Sigma-Aldrich's Sigma Life Science business said this week that it has exclusively licensed technology from King’s College London for identifying and validating microRNA targets in research and clinical diagnostics.
The company is marketing the technology as the Mission Target ID Library, a plasmid-based genome-wide collection of cloned cDNA that enables transcriptome-wide human miRNA and ncRNA gene target identification.
Sigma said that identification of miRNA targets is currently "laborious and inefficient, relying on computer algorithms and subsequent validation by in vitro assays." The company said that the new technology, developed by Joop Gaken and colleagues in the Division of Cancer Studies at King’s college, addresses this bottleneck by enabling "simple, accurate identification and validation of miRNA targets."

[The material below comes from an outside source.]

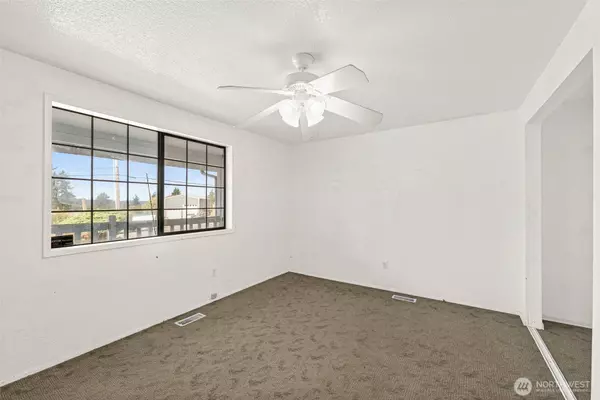 1515 Milton WAY, Milton, WA 98354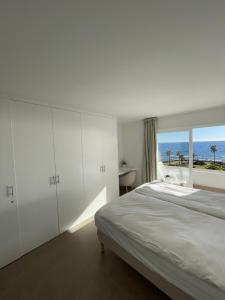 Posteľ alebo postele v izbe v ubytovaní Miraflores Beach - Playa First Line - Sea view - Luxury & Design Apartment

Gaken said in a statement that the approach "is expected to enable the straightforward identification of target genes that are strongly regulated by a given miRNA, helping to elucidate important gene regulation events in vivo.”
Each cDNA in the library is cloned into the 3’UTR after thymidine kinase-zeocin — a fusion protein that serves as a dual-selectable marker and allows users to transfect cells and screen the entire library at once. Users can first select for stable transformants and then, after introducing a miRNA or ncRNA of interest, select for target cDNAs. Selected cDNAs are then identified by sequencing.
The 100 μL library includes enough material for approximately six to 10 genome-wide screens, the company said.